Your task:
Each line from the top of the listing through the one holding "Trauma Bond Forever Crop Top." should be restated word for word, with nothing added and no pictures.

Dataset records:
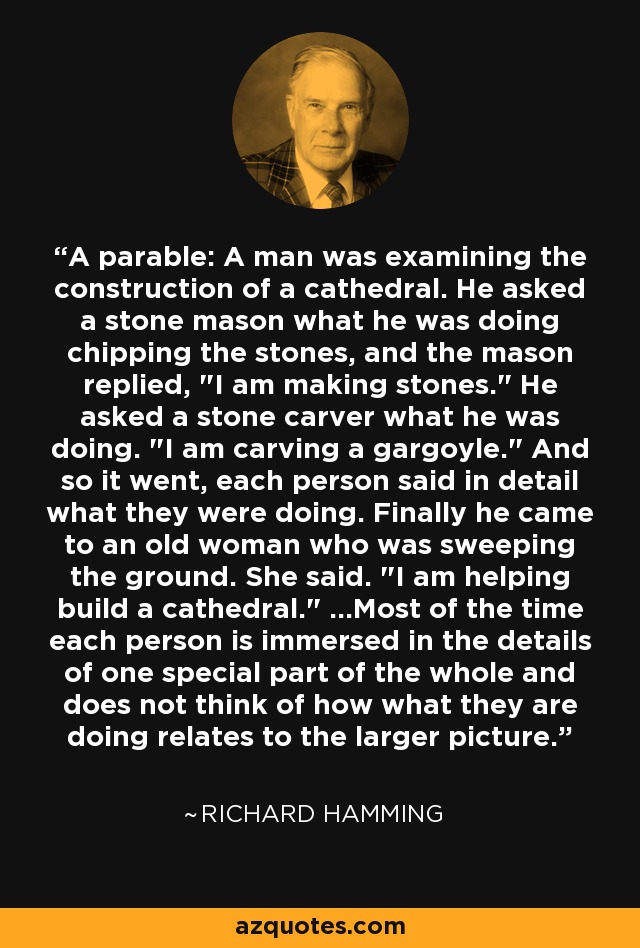 A parable: A man was examining the construction of a cathedral. He asked a stone mason what he was doing chipping the stones, and the mason replied, 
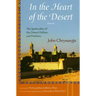 In the Heart of the Desert: The Spirituality of the Desert Fathers and Mothers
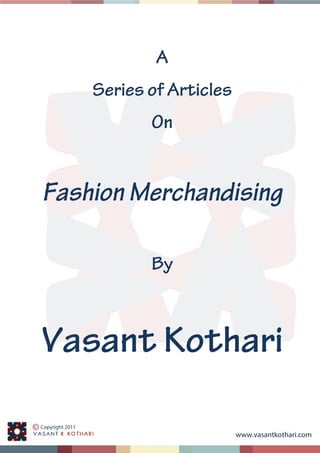 www.vasantkothari.com
A
Series of Articles
On
Fashion Merchandising
By
Vasant Kothari
 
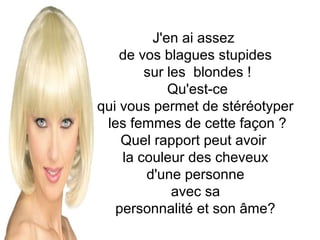 J'en ai assez
de vos blagues stupides
sur les blondes !
Qu'est-ce
qui vous permet de stéréotyper
les femmes de cette façon ?
Quel rapport peut avoir
la couleur des cheveux
d'une personne
avec sa
personnalité et son âme?

 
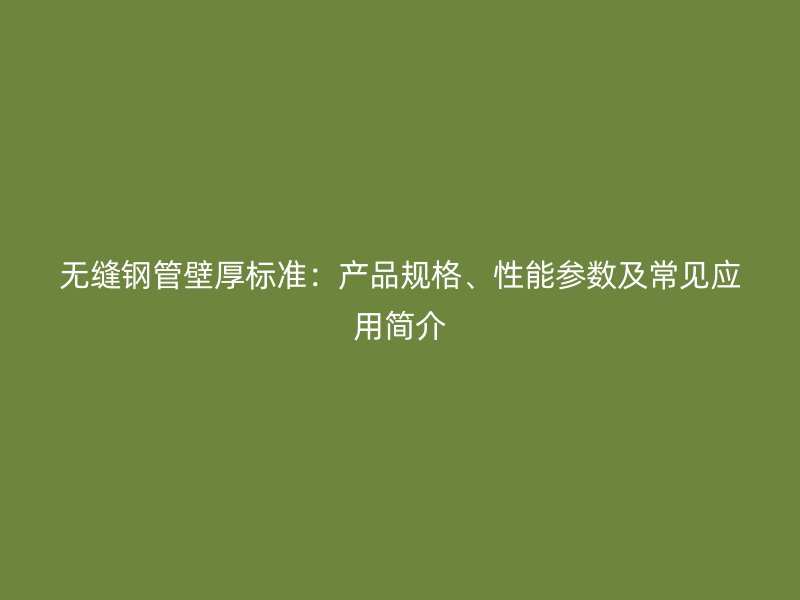無縫鋼管壁厚標(biāo)準(zhǔn)：產(chǎn)品規(guī)格、性能參數(shù)及常見應(yīng)用簡(jiǎn)介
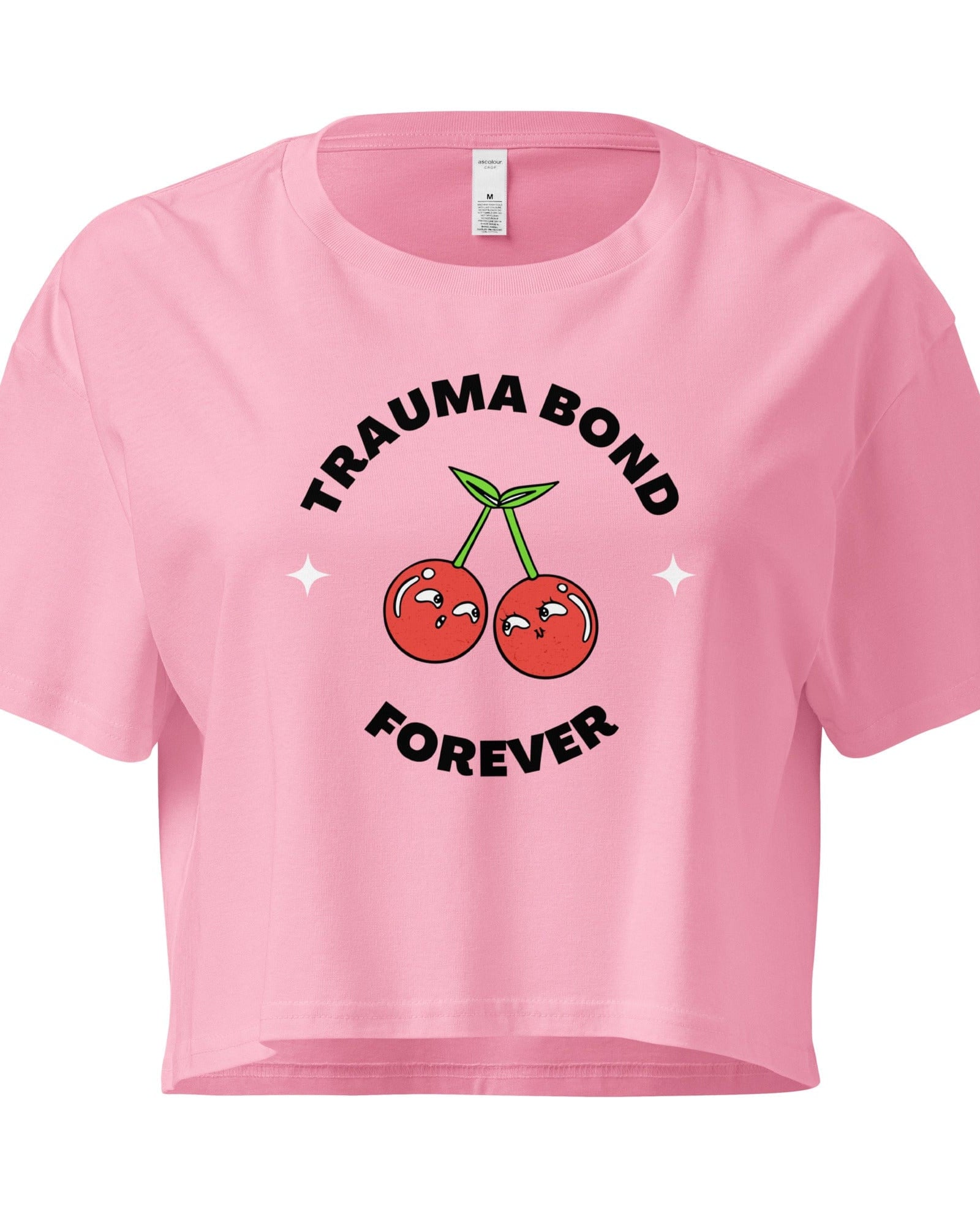 Trauma Bond Forever Crop Top.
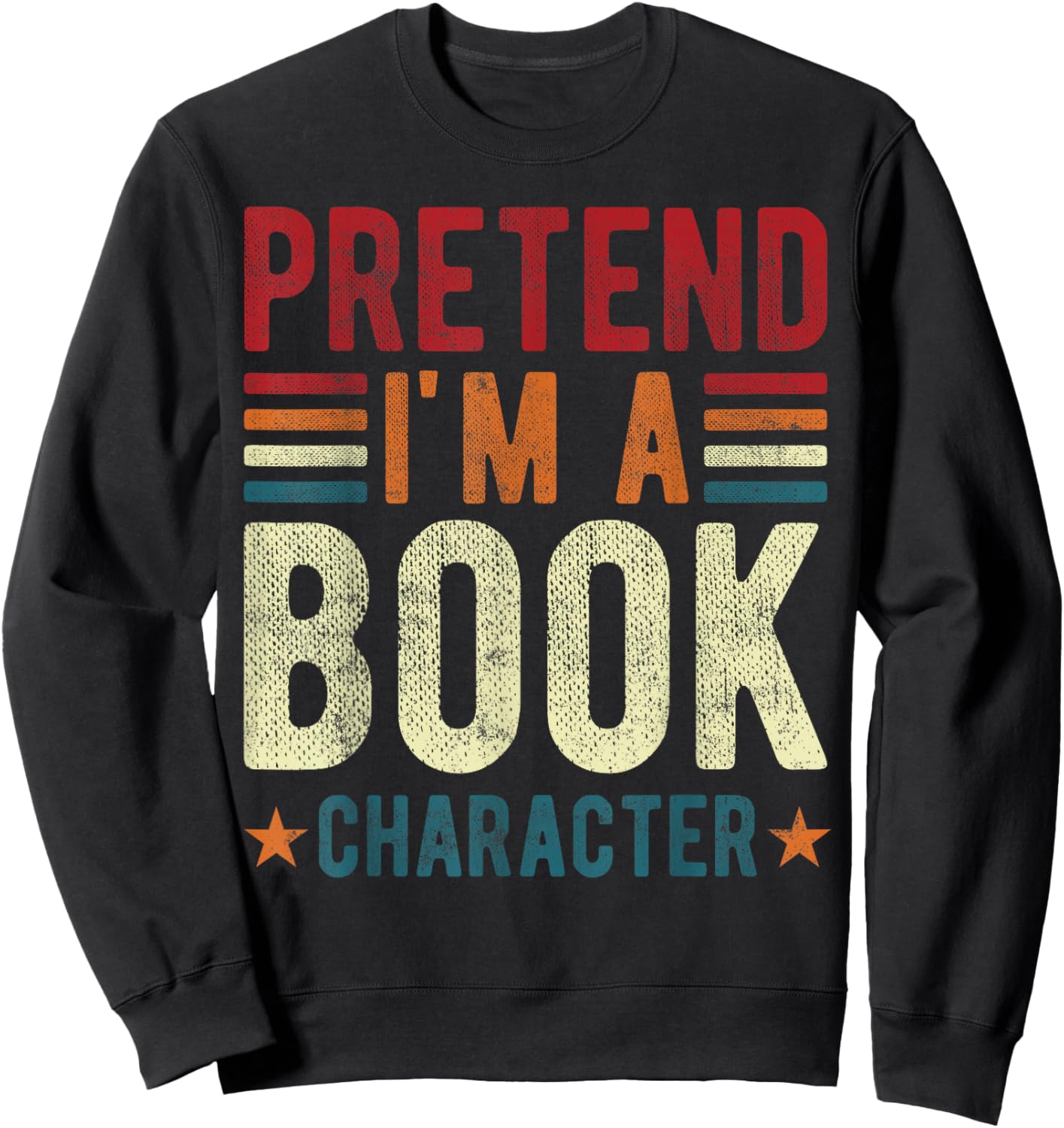 Pretend i'm a book character funny groovy Sweatshirt - Sweatshirt | Black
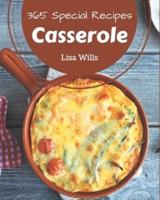365 Special Casserole Recipes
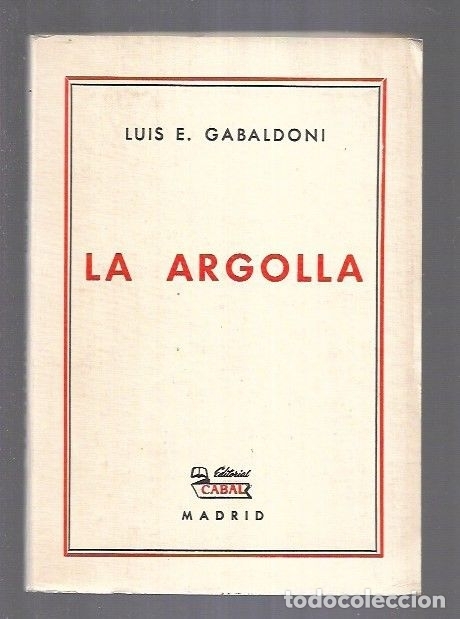 Libros: ARGOLLA - LA - GABALDONI, LUIS E. - Foto 4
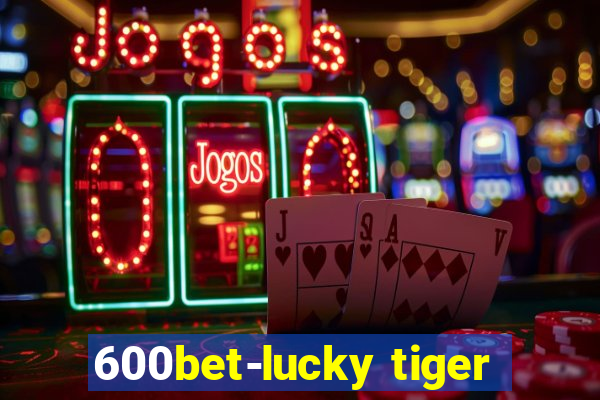 600bet-lucky tiger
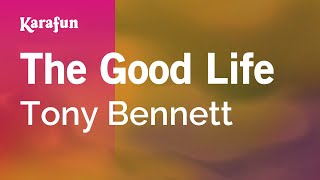 The Good Life - Tony Bennett | Karaoke Version | KaraFun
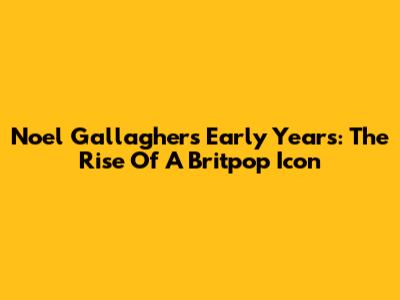 Noel Gallagher's Early Years: The Rise Of A Britpop Icon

Solved exercise:
 A parable: A man was examining the construction of a cathedral. He asked a stone mason what he was doing chipping the stones, and the mason replied, 
 In the Heart of the Desert: The Spirituality of the Desert Fathers and Mothers
 www.vasantkothari.com
A
Series of Articles
On
Fashion Merchandising
By
Vasant Kothari
 
 J'en ai assez
de vos blagues stupides
sur les blondes !
Qu'est-ce
qui vous permet de stéréotyper
les femmes de cette façon ?
Quel rapport peut avoir
la couleur des cheveux
d'une personne
avec sa
personnalité et son âme?

 
無縫鋼管壁厚標(biāo)準(zhǔn)：產(chǎn)品規(guī)格、性能參數(shù)及常見應(yīng)用簡(jiǎn)介
 Trauma Bond Forever Crop Top.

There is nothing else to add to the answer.